Mas a realidade mostra que as políticas praticadas desde então têm fracassado. Nos últimos dez anos, por todo o mundo, aumentou a produção dos três alvos estabelecidos pela ONU para a área. Substâncias sintéticas crescem desde a década de 1970, quando tiveram o primeiro avanço significativo e alcançaram um número de usuários estimados equivalente ao total de pessoas que consomem cocaína e variações do ópio. A estratégia de combate a plantações teve conseqüências drásticas, como uma maior articulação do crime organizado, além de deixar agricultores desprovidos de alternativas econômicas e usuários sendo tratados como criminosos.
A agência da ONU para Drogas e Crime (Unodc) estima que 200 milhões de pessoas, 3% da população mundial (ver mapa na página 16), façam uso de drogas ilegais, e 200 mil morram em decorrência delas anualmente. Isso significa reconhecer o fracasso das metas e inclui cada vez mais outras linhas de ação que antes eram rejeitadas, como redução de danos e tratamento diferenciado para usuários e traficantes, encarados do ponto de vista da saúde.
Para o psiquiatra Fredrick Polak, do comitê da Coalizão Européia para Políticas de Drogas Justas e Efetivas (Encod, na sigla em inglês), a influên¬cia dos Estados Unidos permanece pendendo para uma linha que tem algo como “um mundo sem drogas” como objetivo, ainda que esse tipo de visão tenha perdido espaço. “Na próxima reunião da Comissão de Entorpecentes, em março de 2009, espero que questões como redução de danos e direitos humanos sejam intensamente discutidos, como conseqüência da Declaração e Recomendações do Fórum Global de ONGs Além de 2009”, aposta Polak.
O encontro preparatório de entidades da sociedade civil para o debate na ONU a que o ativista se refere ocorreu em Viena, na Áustria, em julho deste ano e desenhou uma posição de relativo consenso (ver quadro). No entanto, países como os Estados Unidos mantêm uma posição de fortalecimento da chamada “guerra contra as drogas”. Foi assim na discussão deste ano da Comissão de Entorpecentes, quando as representações de Uruguai e Chile defenderam que os direitos humanos prevalecessem sobre qualquer medida antidrogas, o que, mesmo com a resistência dos enviados da Casa Branca, assim como da China, acabou incluída. Esse é um dos indícios de que a política pode mudar.

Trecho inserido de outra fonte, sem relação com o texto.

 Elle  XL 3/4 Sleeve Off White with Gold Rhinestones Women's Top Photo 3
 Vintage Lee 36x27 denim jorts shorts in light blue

“Pela primeira vez há centenas, senão milhares, de representantes de organizações pró-reforma e redução de danos, que exercem influ¬ê­n¬cia crescente para moldar as definições da ONU”, comemora Ethan Nadelmann, da rede Drug Policy. “O diretor da Unodc fala em estratégias de contenção, que são essencialmente o reconhecimento de que as políticas do passado falharam e uma ação mais pragmática é necessária”, defende.

Contra a Lei Seca
A política da ONU, que tem como ponta de lança a guerra às drogas do governo estadunidense, desperta críticas de diversos grupos, e não somente de usuários. Jack Cole é diretor-executivo da Força da Lei Contra a Proibição (Leap, na sigla em inglês), uma rede internacional de delegados, policiais, juízes e promotores públicos que defendem políticas alternativas para as drogas. A comparação que Cole mais emprega nas 650 palestras que proferiu em escolas sobre o tema é com a proibição do álcool nos anos de 1920 nos Estados Unidos. O fim da fracassada Lei Seca permitiu o combate ao crime organizado – cujo maior ícone foi Al Capone. No caso das drogas ilícitas, naquele país, o número de usuários subiu de 4 milhões para 112 milhões de 1965 a 2005.

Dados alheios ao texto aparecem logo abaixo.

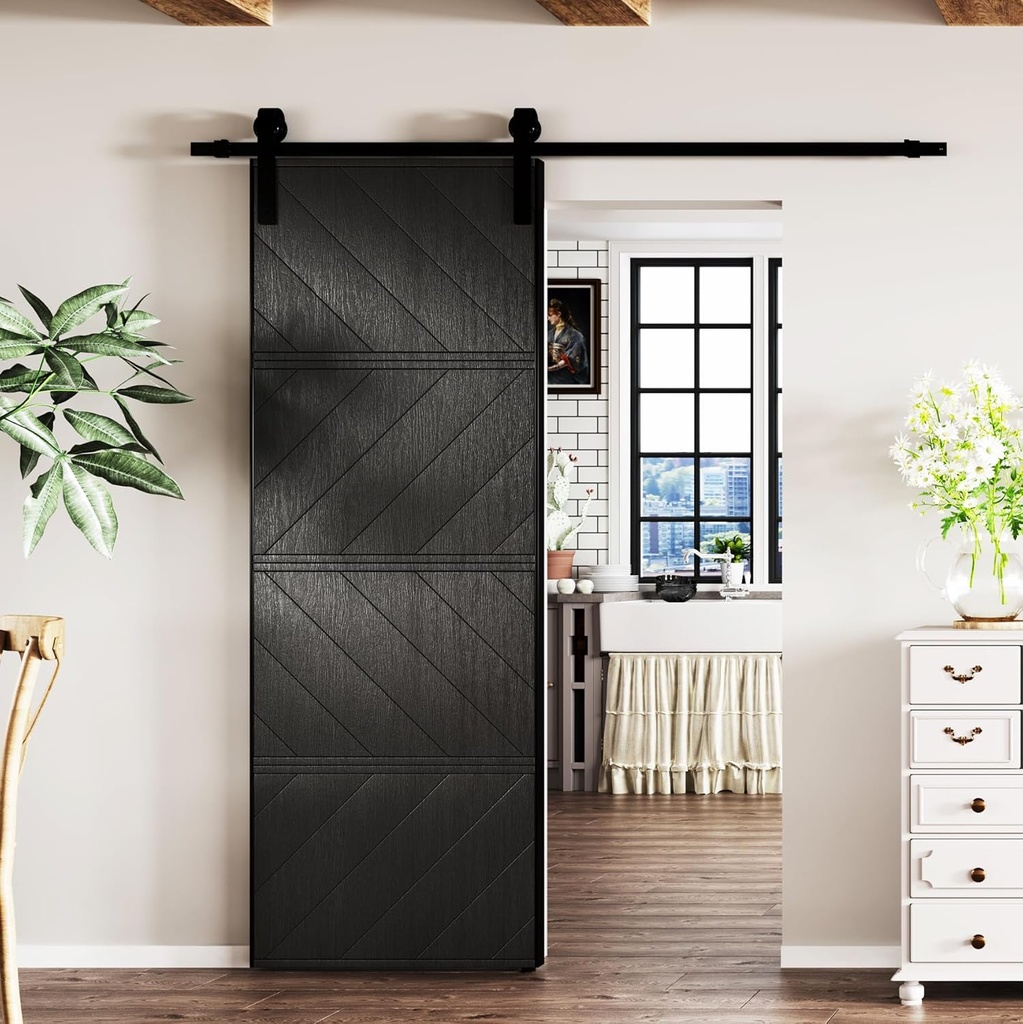 BARNER HOME 30in X 84in Sliding Barn Door, MDF, with Waterproof Surface, DIY Assemble, Pre-drilled Barn Door Slab with Installation Hardware Kit,Black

Além de não reduzir o consumo e o acesso às substâncias, a maior parte das mortes associadas às drogas ocorre, de acordo com ele, em decorrência da repressão e da proibição, já que a estrutura de crime organizado se forma a partir dela. A solução? “Legalizamos as drogas para podermos regular, controlar e mantê-las longe das nossas crianças”, responde.
Quando se fala nesse tipo de idéia, a experiência mais lembrada é a da Holanda, mas é preciso entender do que se trata. “A cannabis – maconha e haxixe – não é exatamente liberada, o que existe é uma tolerância. Há regras rígidas e um dos estabelecimentos mais fiscalizados é o coffee shop, que tem que seguir à risca as normas de funcionamento”, sustenta. Pesquisas realizadas no país mostraram que a parcela de jovens que fuma é menor do que nos Estados Unidos, onde há grande repressão: 28% e 41% respectivamente.
Uma estratégia para minar uma das principais fontes de recursos para o crime organizado está associada à estratégia de produção autônoma para consumo próprio. “Um dos principais fatores para manter a proibição é o medo das drogas, em parte compreensível, mas brutalmente ampliado e explorado por políticos”, lamenta Polack, da Encod. A entidade trabalha a campanha “Freedom to Farm” (Liberdade para Produzir, em uma tradução livre), do qual decorre o Cannabis Social Club, reunião de produtores para uso pessoal na Espanha, Bélgica, Estados Unidos e Canadá. O princípio é o de defender o direito de posse e produção de qualquer planta para uso pessoal e não-comercial ao mesmo tempo em que deve ser permitido que países adotem políticas diferentes das baseadas na proibição.
Redução de danos
O avanço de políticas mais direcionadas à saúde pública do que à segurança, como a de redução de danos, começou em países europeus, no Canadá e Austrália, mas já encontra receptividade em países da Ásia, como China, Indonésia, Vietnã e até o Irã, pressionados principalmente pelo avanço do vírus HIV.
Polack lembra, porém, que a tendência de despenalização do consumo e posse para uso pessoal e centros públicos de uso controlado de metadona e substâncias injetáveis foi freada em 2003 e 2004 e a redução de danos foi colocada em uma perspectiva técnica sem criar formas legais de acesso às substâncias, o que significa continuar a sustentar mercados negros.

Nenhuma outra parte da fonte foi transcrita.